* [Your instructions]:
Skip the pictures. Give all the data again exactly.

* [Stored data entries]:
'''

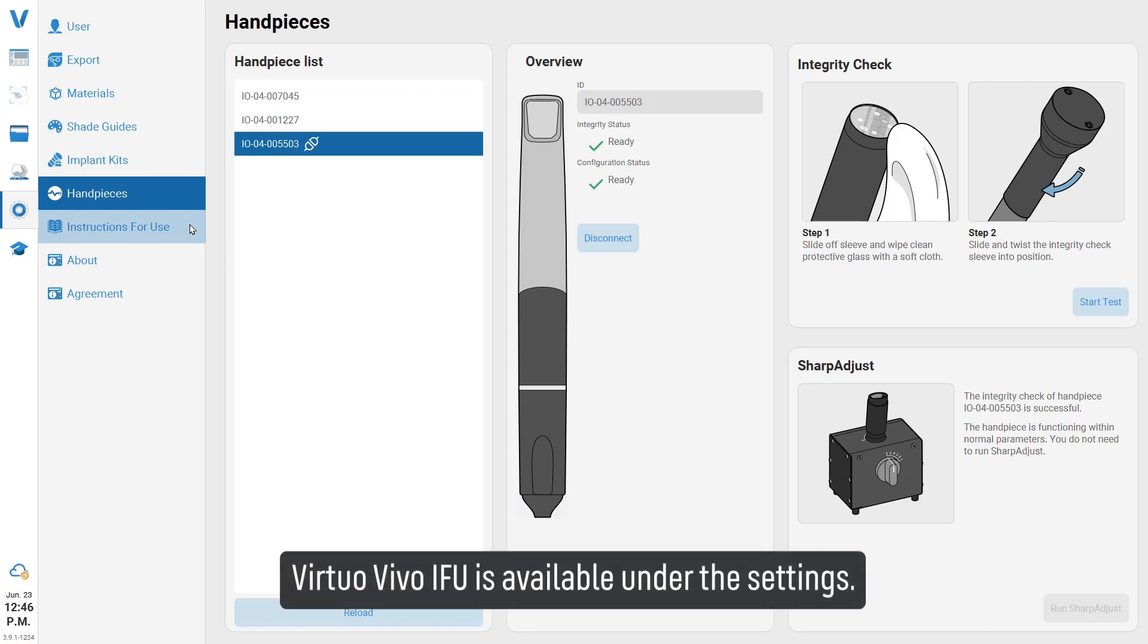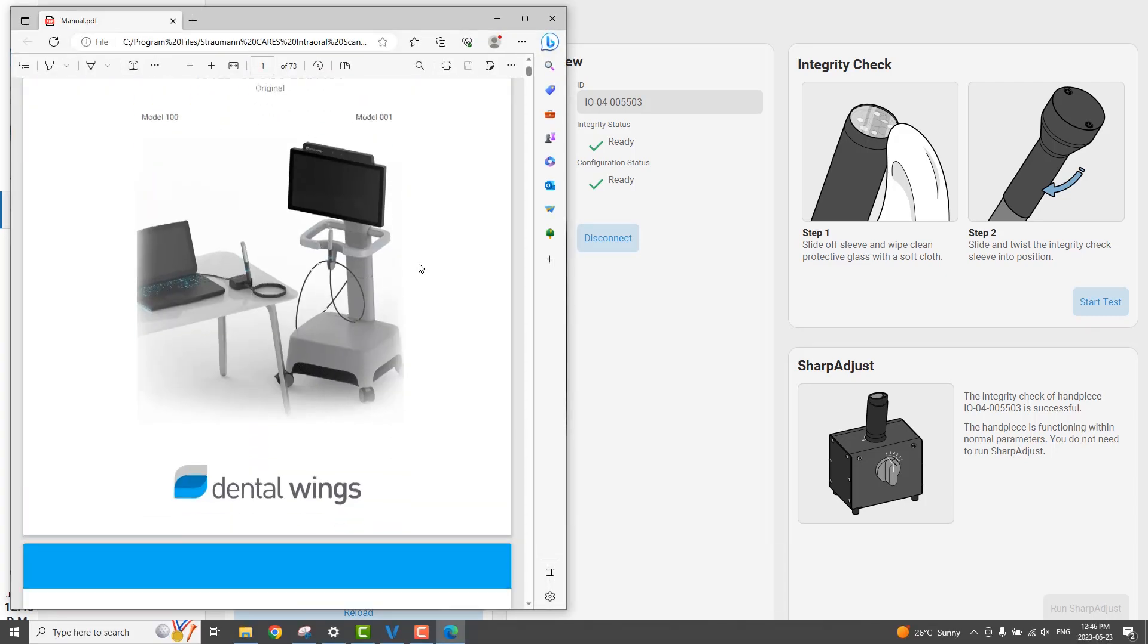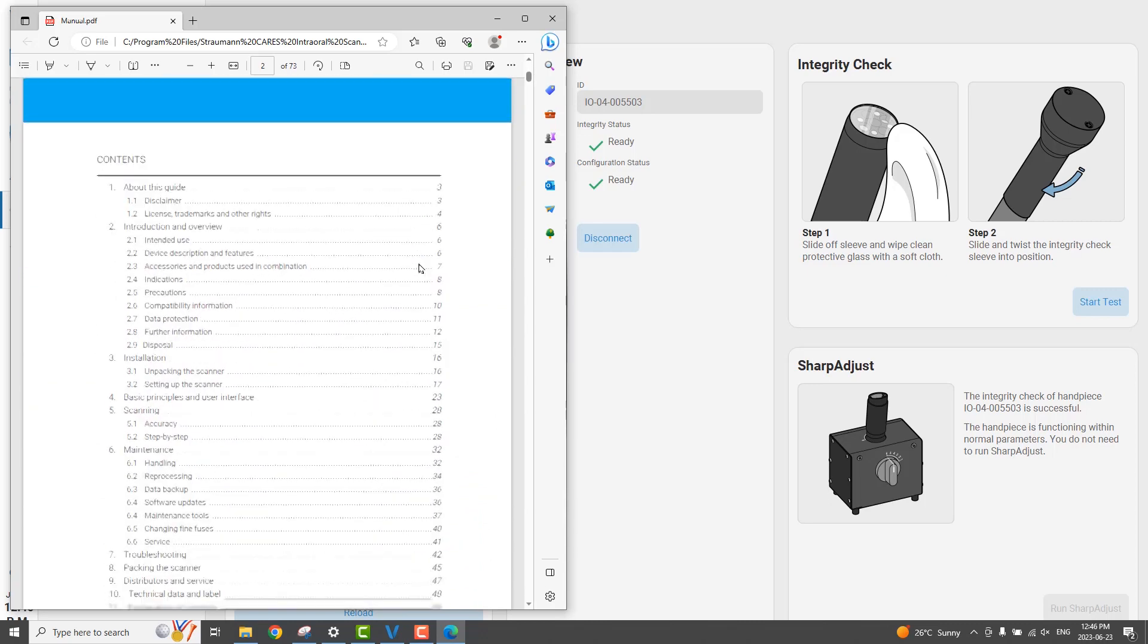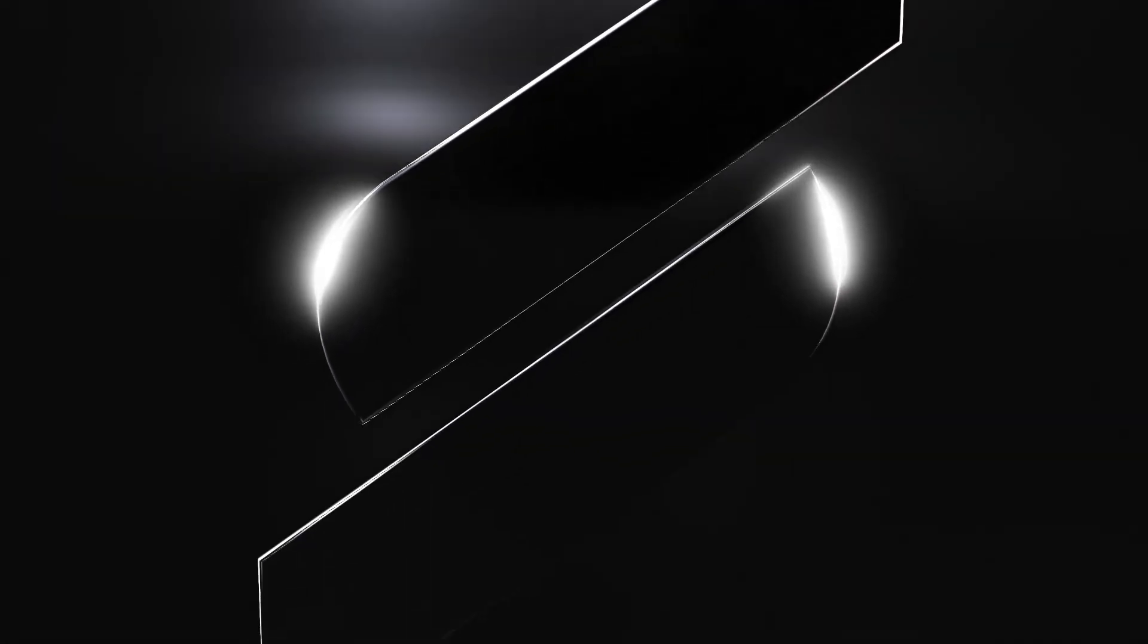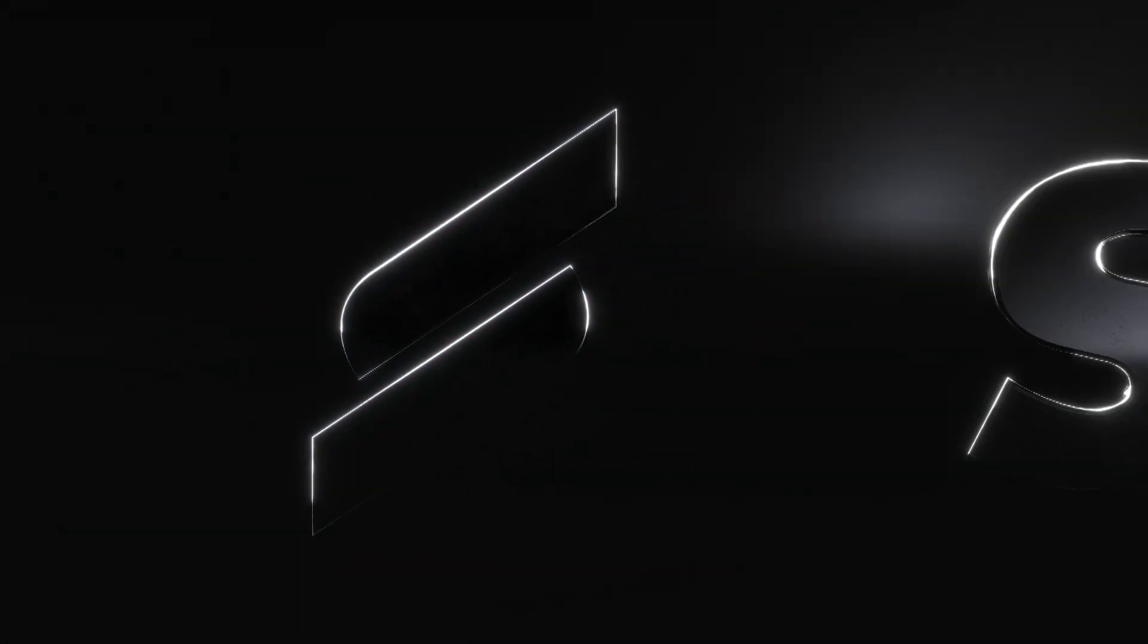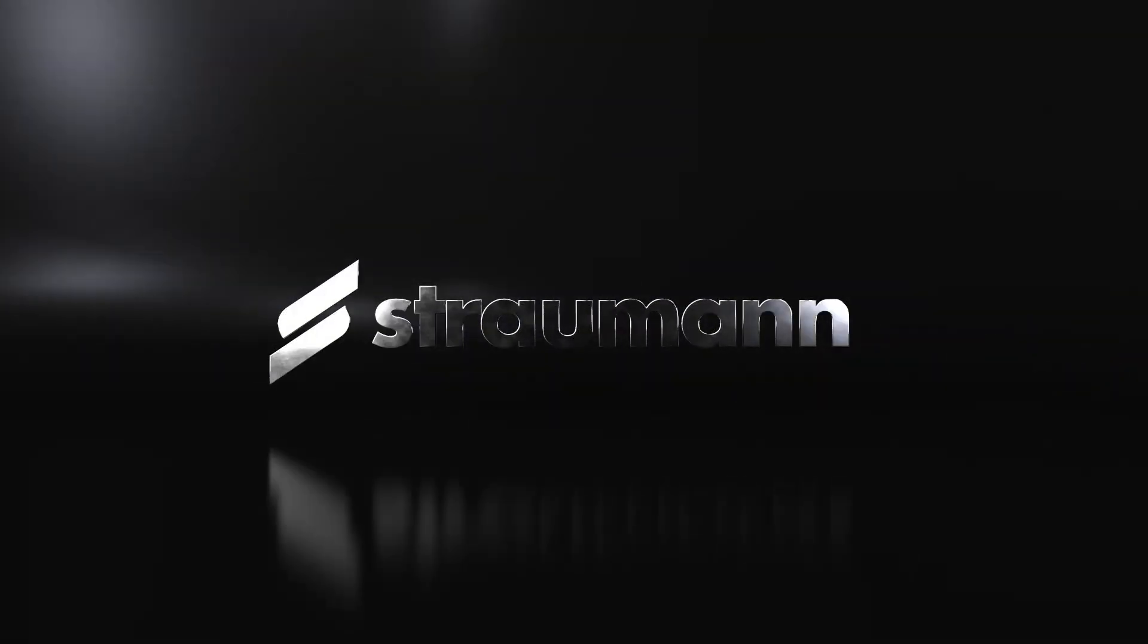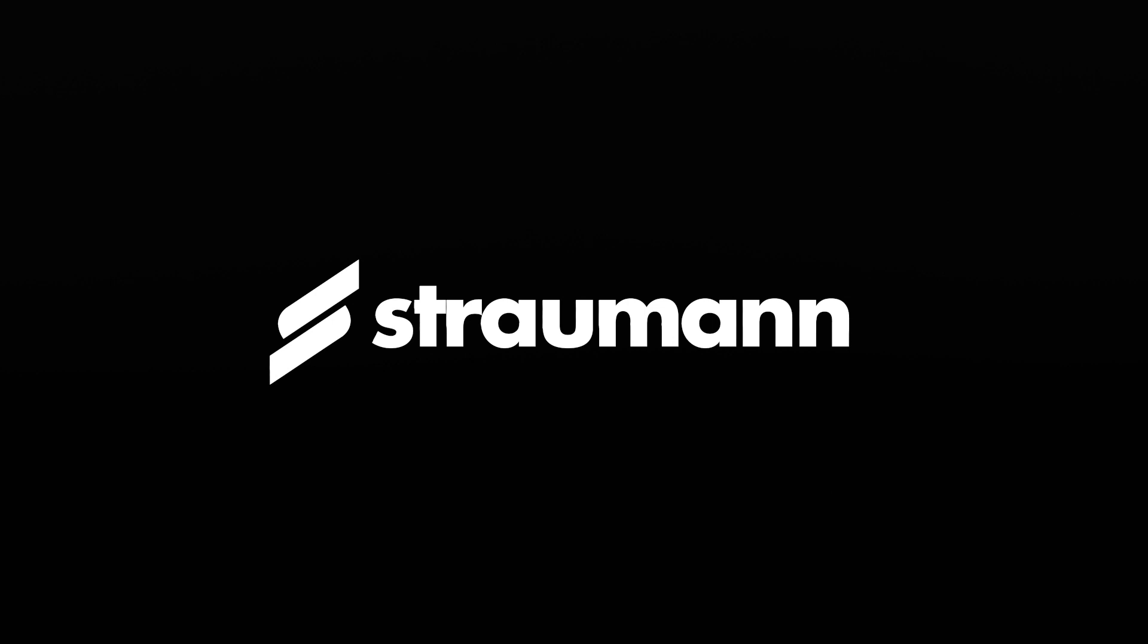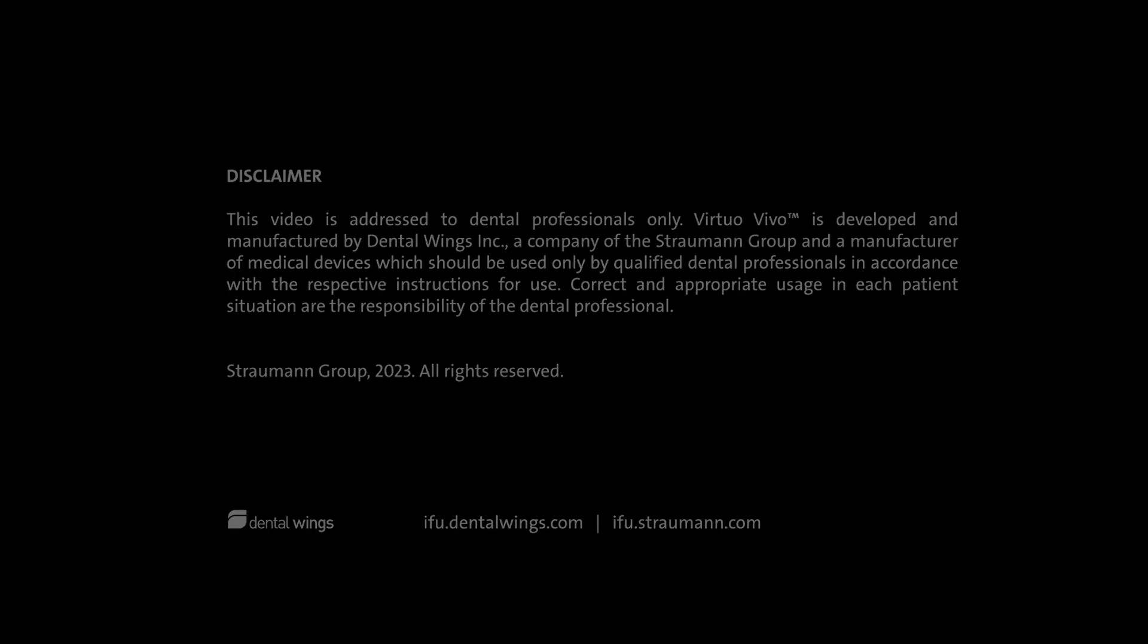Virtuo Vivo IFU is available under the settings. I'll see you next time.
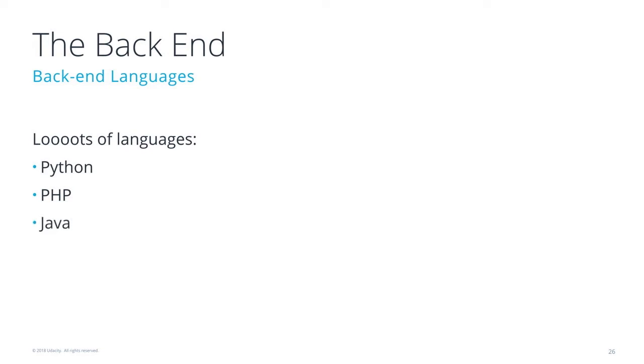There's Python, PHP, Java, .NET, Ruby, and actually, even though JavaScript is a front-end language, it's also a back-end language.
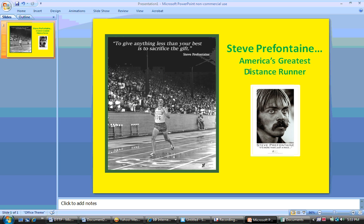This screencast is going to demonstrate how to add sound to your PowerPoint presentation. What you see in front of you is a PowerPoint presentation that I've created, and it's about Steve Prefontaine.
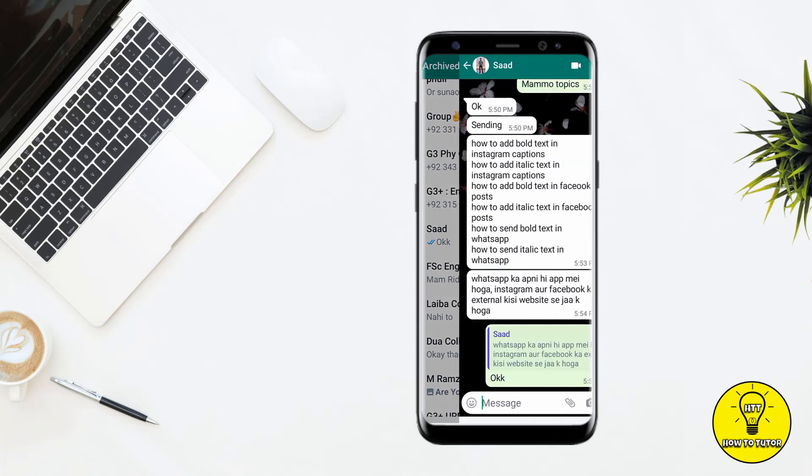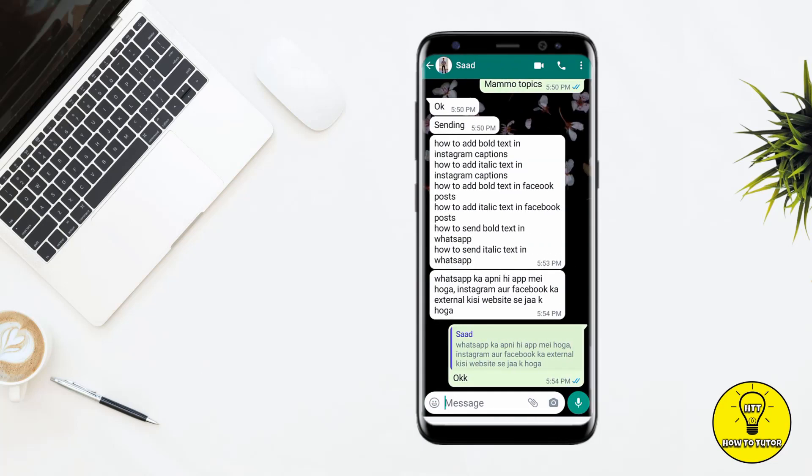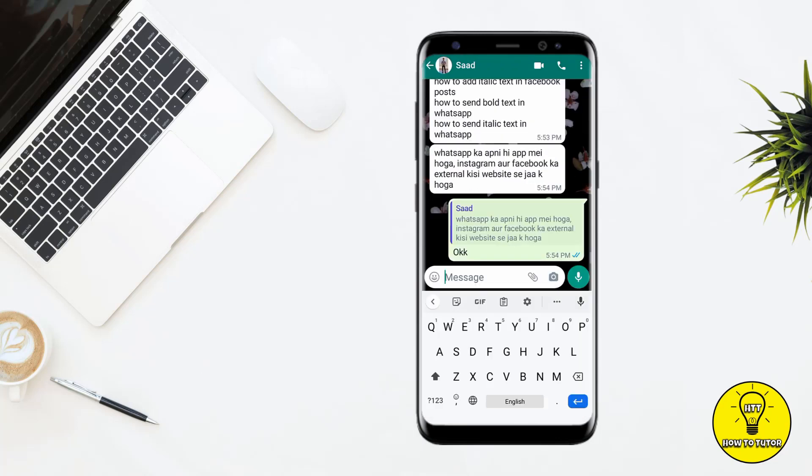For example, I have opened the chat. Now I have to type a message — for example, I am typing 'hi'. Now I want to change its font to italic, so what I have to do is...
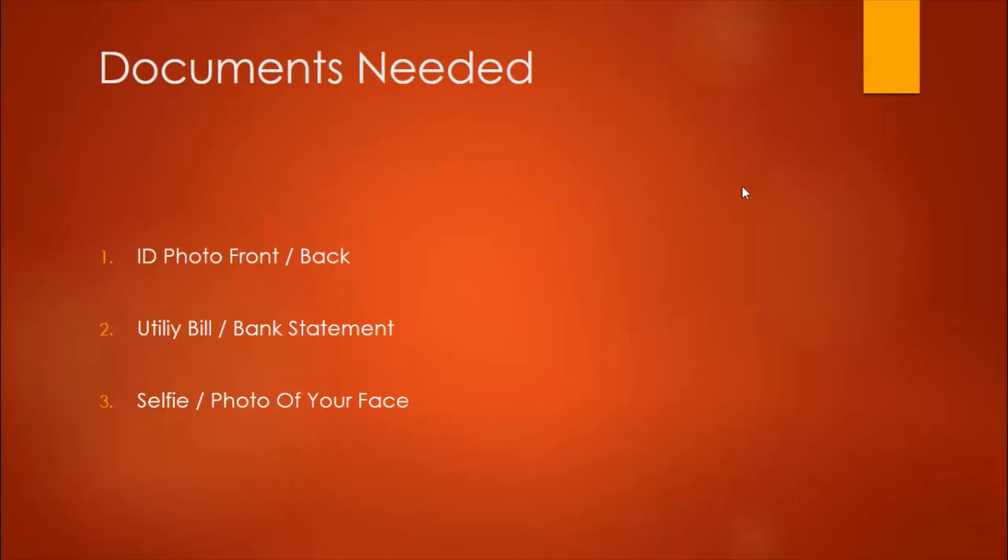These are the general things. Depending on the platform, they might require other documents from you as well.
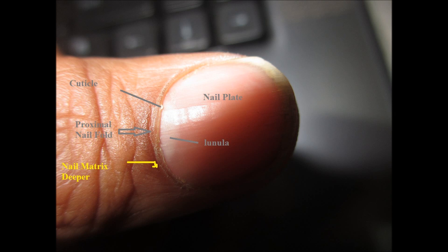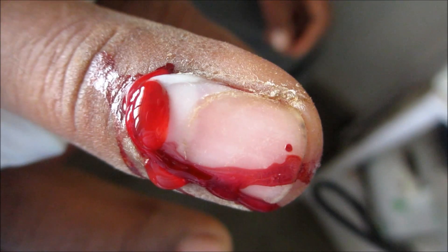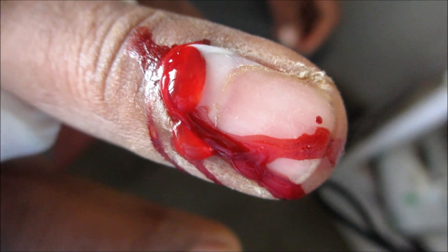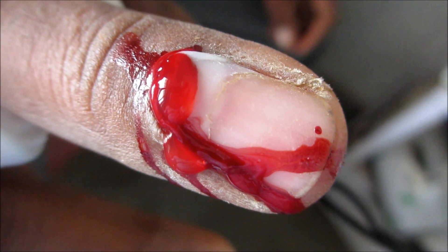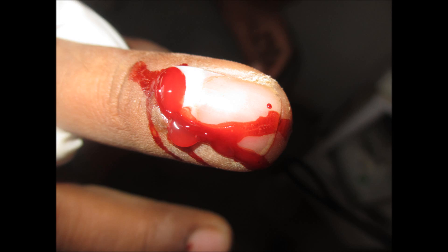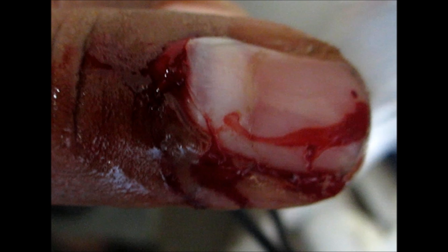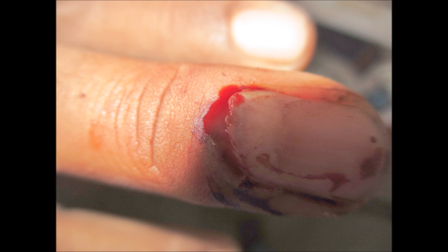These are the normal structures which are present over the nail: nail plate, lunula, the cuticle, and the proximal nail fold. Below that lies the nail matrix, and further below lies the nail root. Below the nail plate lies the nail bed.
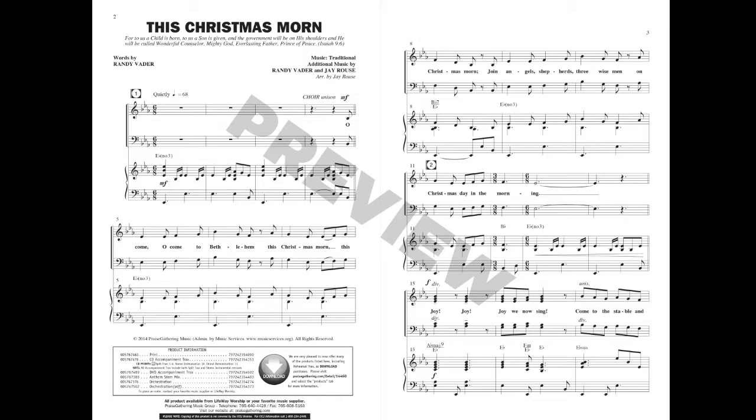Oh come, oh come to Bethlehem, this Christmas morn, this Christmas morn. Join angels, shepherds, three wise men on Christmas day in the morning.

'''

* [Exercise response]:
Virtuo Vivo IFU is available under the settings. I'll see you next time.
There's Python, PHP, Java, .NET, Ruby, and actually, even though JavaScript is a front-end language, it's also a back-end language.
This screencast is going to demonstrate how to add sound to your PowerPoint presentation. What you see in front of you is a PowerPoint presentation that I've created, and it's about Steve Prefontaine.
For example, I have opened the chat. Now I have to type a message — for example, I am typing 'hi'. Now I want to change its font to italic, so what I have to do is...
These are the general things. Depending on the platform, they might require other documents from you as well.
These are the normal structures which are present over the nail: nail plate, lunula, the cuticle, and the proximal nail fold. Below that lies the nail matrix, and further below lies the nail root. Below the nail plate lies the nail bed.
Oh come, oh come to Bethlehem, this Christmas morn, this Christmas morn. Join angels, shepherds, three wise men on Christmas day in the morning.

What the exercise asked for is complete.